“È come se lo avessero ucciso due volte”. A parlare è il padre di Stefano Leo, il ragazzo di 34 anni ucciso ai Murazzi di Torino lo scorso 23 febbraio.
Un delitto avvolto nel mistero per oltre un mese, prima della confessione di Said Mechaquat, cittadino italiano di origini marocchine, che lunedì 1 aprile si è presentato in Questura e ha spiegato di aver commesso l’omicidio perché aveva visto Stefano sorridere.
“Non conoscevo Stefano. L’ho visto, mi ha guardato e ho pensato che dovesse soffrire come sto facendo io”, ha detto il 27enne. “L’ho sgozzato con il mio coltello, ve lo faccio trovare”.
“Volevo ammazzare un ragazzo come me. Volevo togliergli tutte le promesse che aveva, la promessa dei figli. Volevo toglierlo ai suoi amici e ai suoi parenti”.
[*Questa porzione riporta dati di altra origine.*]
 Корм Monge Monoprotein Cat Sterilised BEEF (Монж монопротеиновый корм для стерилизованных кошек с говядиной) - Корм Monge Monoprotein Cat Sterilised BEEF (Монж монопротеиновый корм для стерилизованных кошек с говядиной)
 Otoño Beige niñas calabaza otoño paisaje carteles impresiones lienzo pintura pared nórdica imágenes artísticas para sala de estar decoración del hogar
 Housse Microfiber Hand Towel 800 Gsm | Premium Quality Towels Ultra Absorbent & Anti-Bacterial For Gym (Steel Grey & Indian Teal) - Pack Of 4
Un racconto agghiacciante, di cui il padre di Stefano, Maurizio Leo, non riesce a capacitarsi. “Siamo a pezzi non abbiamo più parole. Lo hanno ucciso un’altra volta”.
“È un incubo che non ha fine. Come possiamo farcene una ragione? – continua Maurizio Leo – Adesso che sappiamo la verità come possiamo anche solo tentare di giustificare quello che è accaduto? Mio figlio e quell’uomo non si erano mai visti né conosciuti. Erano due estranei, tra loro non è capitato nulla, solo uno sguardo e un sorriso, probabilmente casuali, perché Stefano era un giovane solare, che amava la vita. È inspiegabile che sia stato ucciso per questo motivo”.
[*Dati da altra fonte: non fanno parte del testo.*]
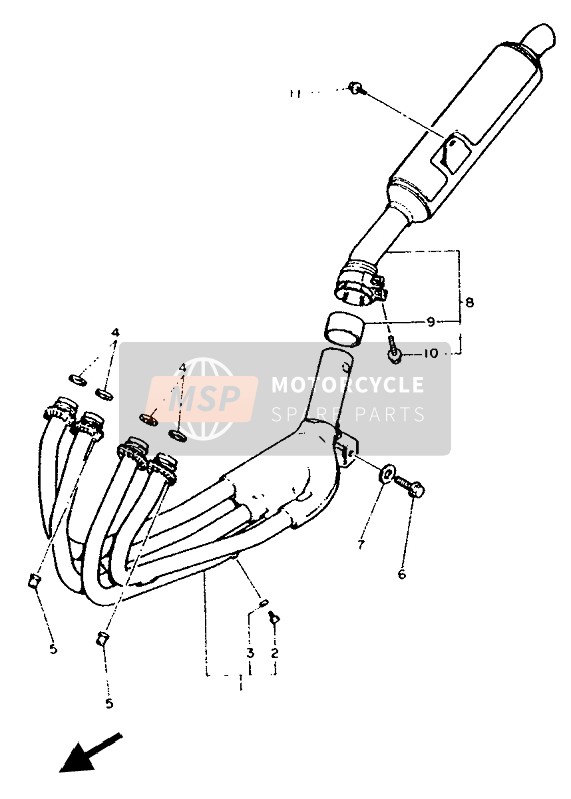 Yamaha FZR600 GENESIS 1992 Exhaust for a 1992 Yamaha FZR600 GENESIS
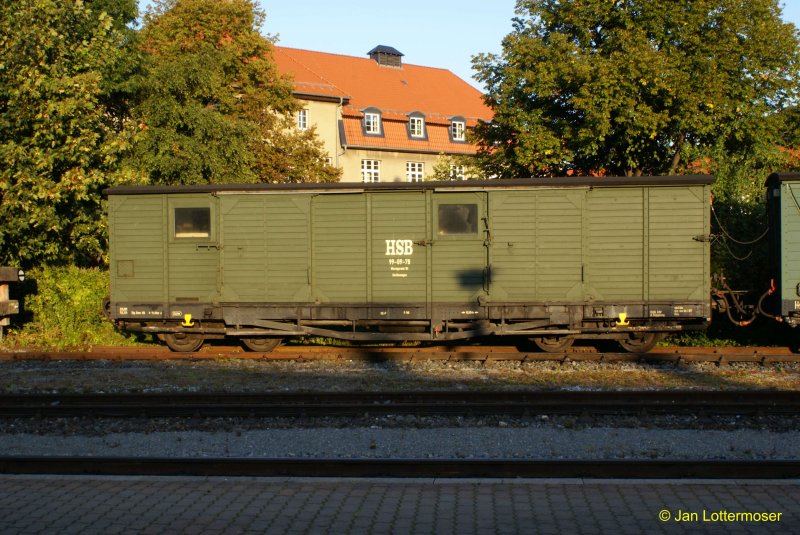 23.09.2007: Ein Hilfszug der HSB. Zu sehen der Gertewagen 99-09-78. Aufgenommen im Bw-Westerntor in Werningerode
“La solidarietà dei suoi amici e dei colleghi di lavoro è stata grande. Ci sono stati vicini e hanno cercato di farci coraggio in questi giorni difficili”.
L’incredibile movente di Said Mechaquat in un primo momento aveva fatto dubitare dell’attendibilità della sua confessione. Il suo avvocato ha avanzato l’ipotesi che si possa trattare di un mitomane. Poi, però, i dettagli forniti dall’uomo sono risultati compatibili con le circostanze del delitto, a partire dall’arma che il 27enne ha fatto ritrovate in una cassetta dell’Enel, compatibile con quella utilizzata per l’omicidio.